Microsoft Patches 200 Vulnerabilities in June 2026 Patch Tuesday, Including 3 Public Zero-Days
Microsoft has released its June 2026 Patch Tuesday updates, fixing 200 security vulnerabilities across Windows and other products, according to BleepingComputer. The release includes three publicly disclosed zero-day vulnerabilities, although Microsoft says none of them have been actively exploited in attacks.

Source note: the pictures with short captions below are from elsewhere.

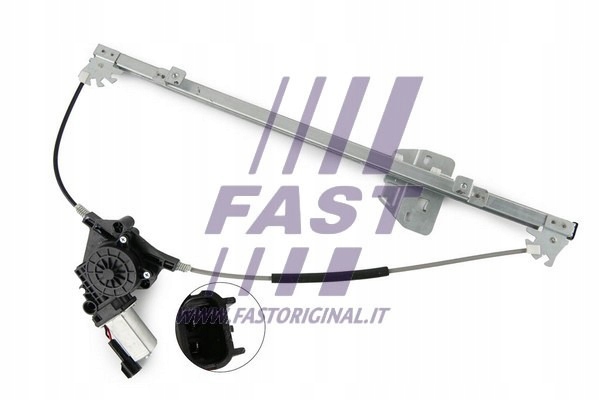 фото №2, Підйомник вікна iveco daily 06 перед pr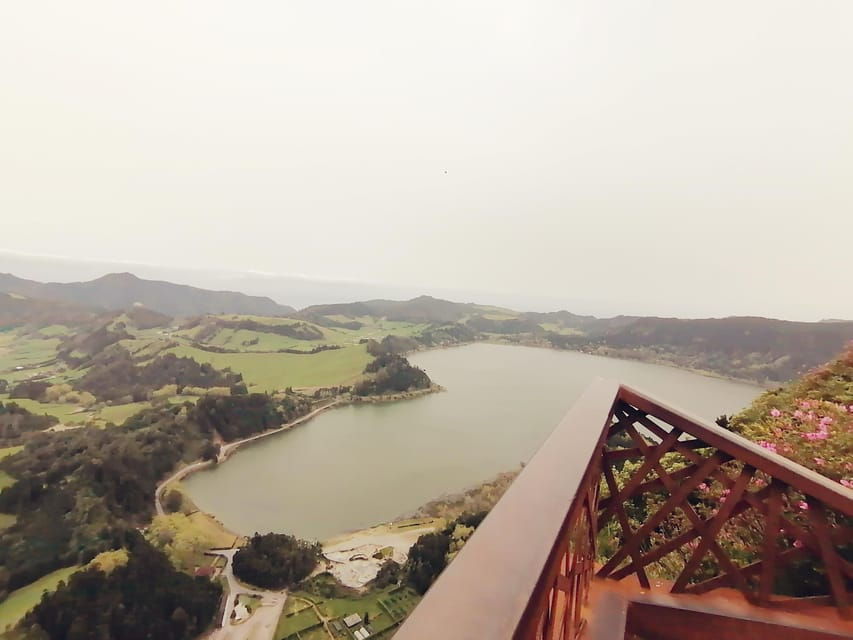 Jeep Tour Full Day East (Geothermia and Furnas)
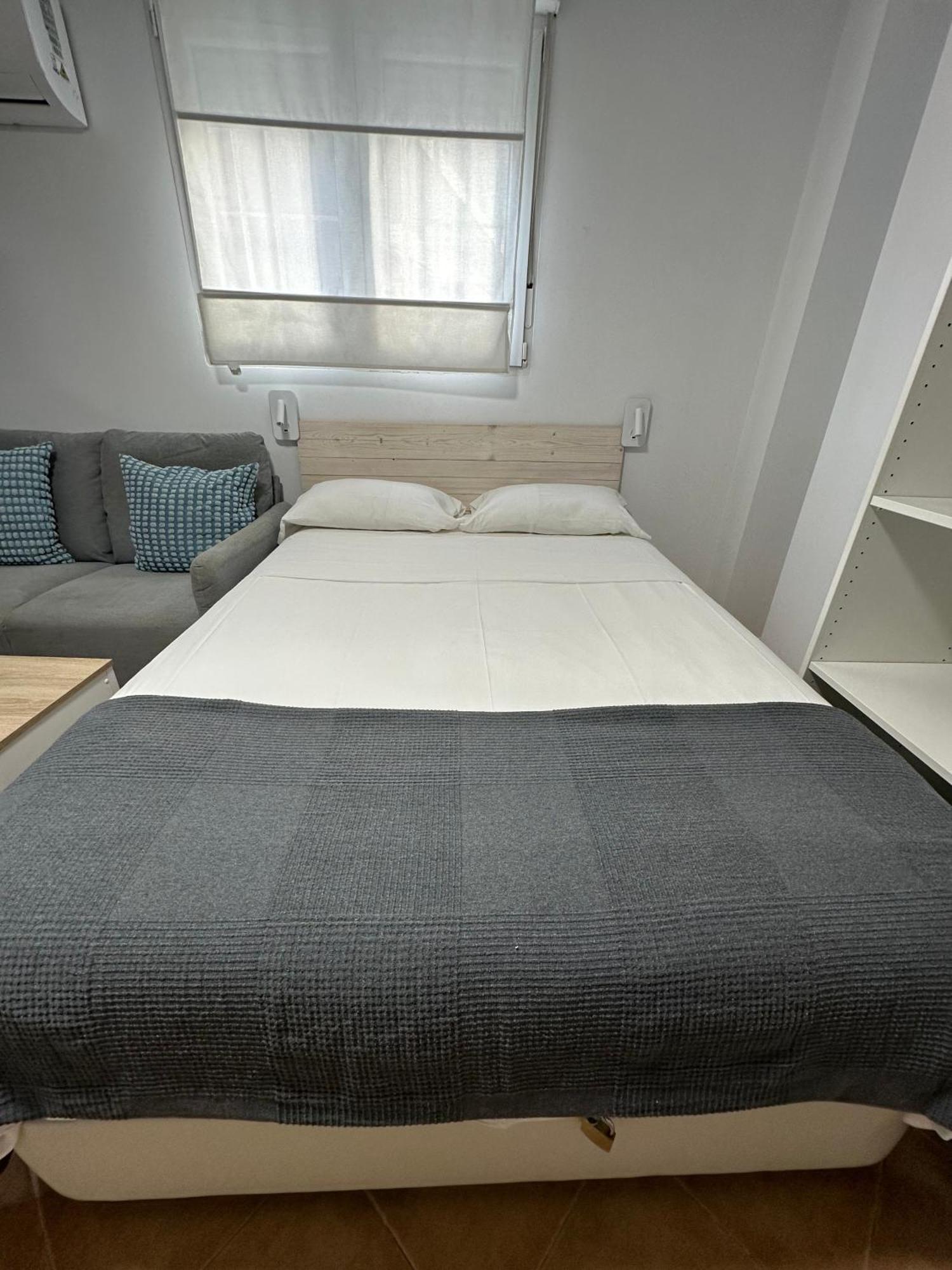 Apartamento Avenida Velazquez Bajo Малага Экстерьер фото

The June update is one of the largest Patch Tuesday releases in recent months and addresses 33 Critical vulnerabilities. According to Microsoft’s breakdown, 28 of the Critical flaws are remote code execution vulnerabilities, four are elevation of privilege bugs, and one is an information disclosure issue.
Windows Collaborative Translation Framework Zero-Day
One of the publicly disclosed zero-days is CVE-2026-45586, an elevation of privilege vulnerability in the Windows Collaborative Translation Framework.
Microsoft says the flaw stems from improper link resolution before file access. A local authenticated attacker could exploit the issue to elevate privileges and obtain SYSTEM-level access on a vulnerable machine.
The company credited an anonymous researcher with reporting the vulnerability.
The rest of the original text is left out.